Çağrı Şinci: Patronsuz bir dünya arzu ediyorum

Çağrı Şinci hem şarkı yazarlığıyla hem de müzikteki tavrıyla, sounduyla hip-hop ve rap müzik dünyasında önemli bir yerde duruyor.

Çağrı Şinci: Patronsuz bir dünya arzu ediyorum

Çağrı Sinci; 2001 yılında ‘Hip-Hop Menü 2’ adlı toplama albümde bir parçasıyla yer alsa da profesyonel olarak müziğe 2010 yılında ‘Sıfırdan Başlamak’ albümüyle adım attı. Elbette ardından birçok albüm, ortak çalışma ve single geldi.

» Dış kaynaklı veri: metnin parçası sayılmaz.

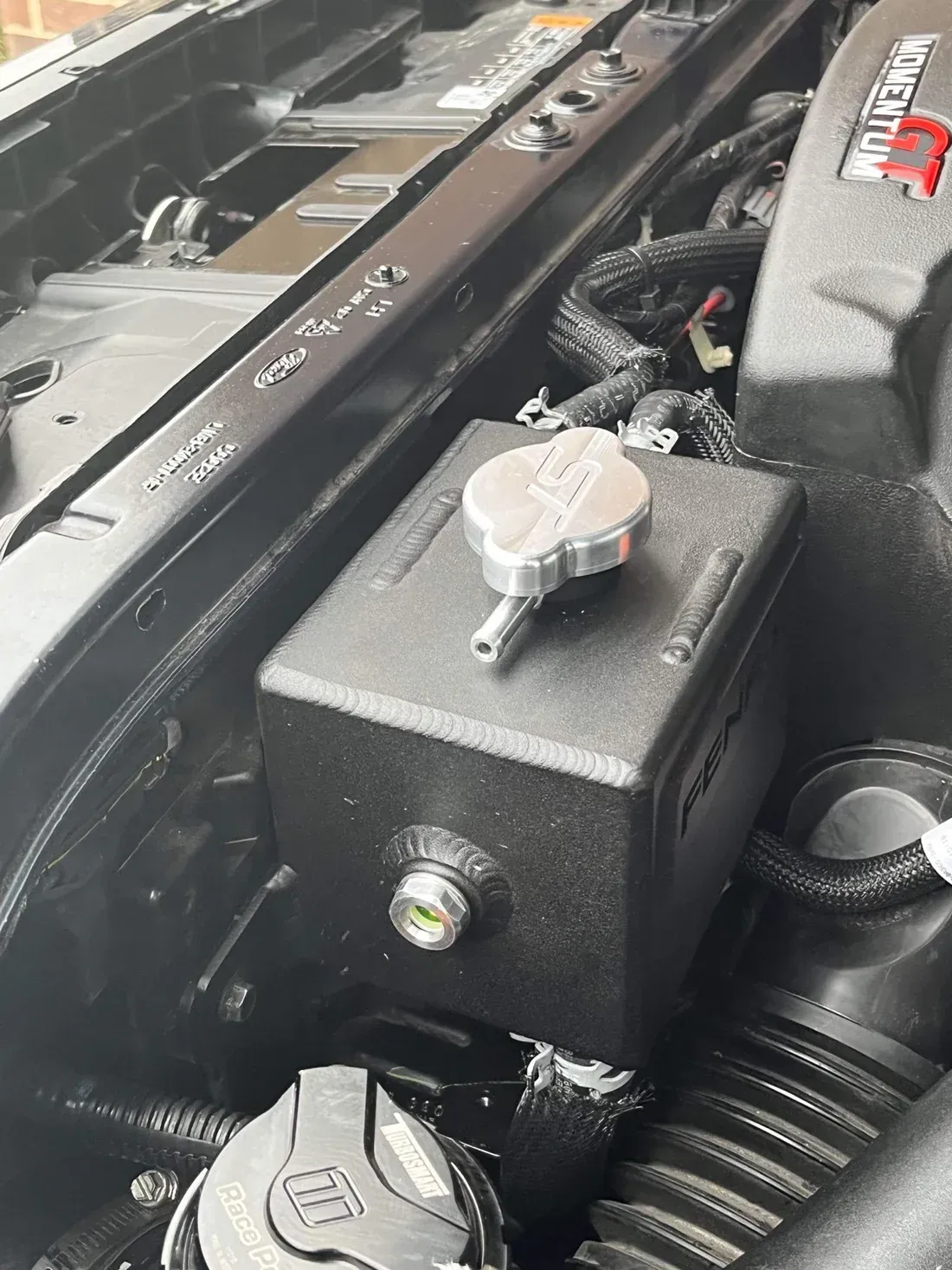 FENFABrication 2020+ Ford Explorer ST Aluminum Coolant Tank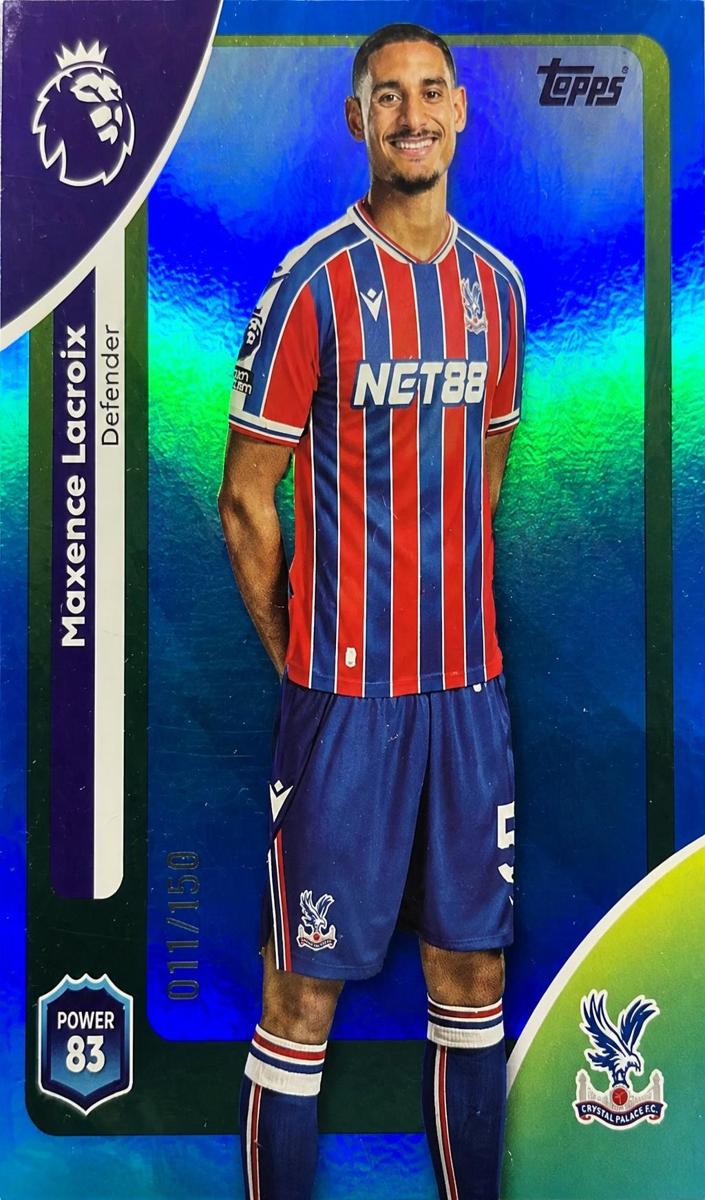 2025 Maxence Lacroix [Blue Rainbow] #113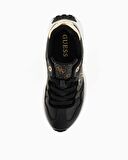 Guess Kadın Siyah Luckeı 4G Logolu Sneaker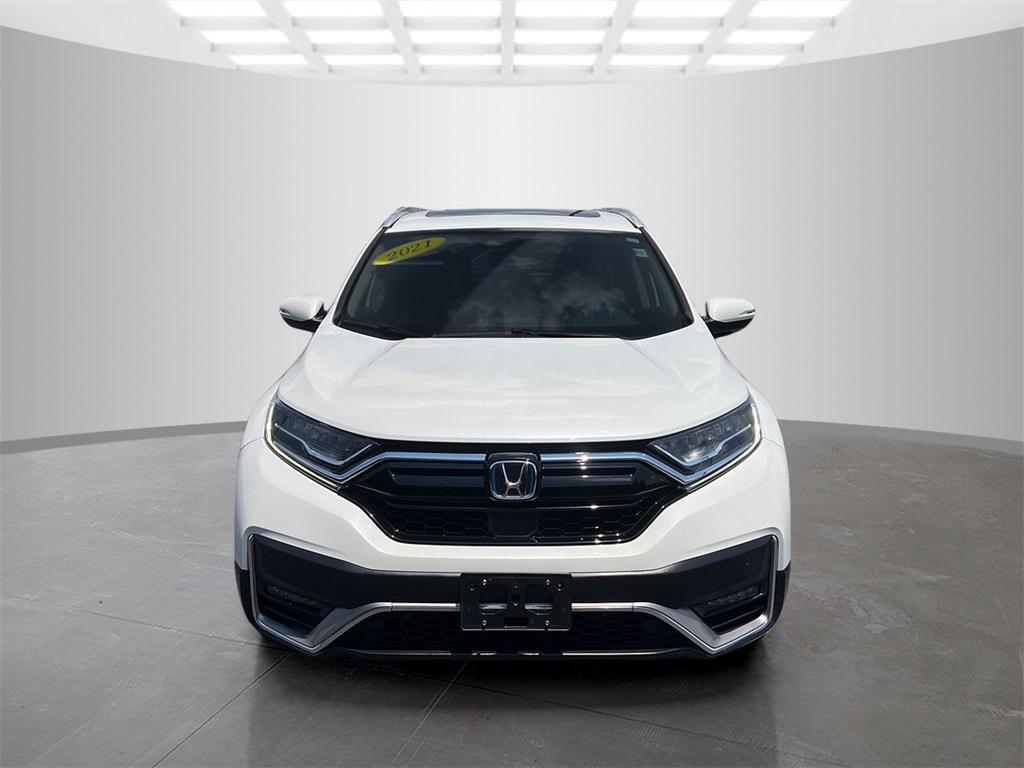 used 2021 Honda CR-V Hybrid car, priced at $29,500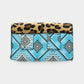 Madeline Love Brown Cow Patterned Faux Leather Fanny Pack / Belt / Crossbody Bag - Bags & Wallets - extra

‘İnsan Terbiyecisi’ (2012), ‘Daha Neler’ (2013-single), ‘Sokak Boştu’ (2014-single), ‘Yeraltı Sakinleri’ (2014-EP), ‘Modern Zamanlar’ (2016), ‘Lobotomi’ (2017-single), ‘Çığlık’ (2019-Ep), ‘Kronik Kötümser’ (2019-single) onun yayınladığı çalışmaların sadece bir kısmı.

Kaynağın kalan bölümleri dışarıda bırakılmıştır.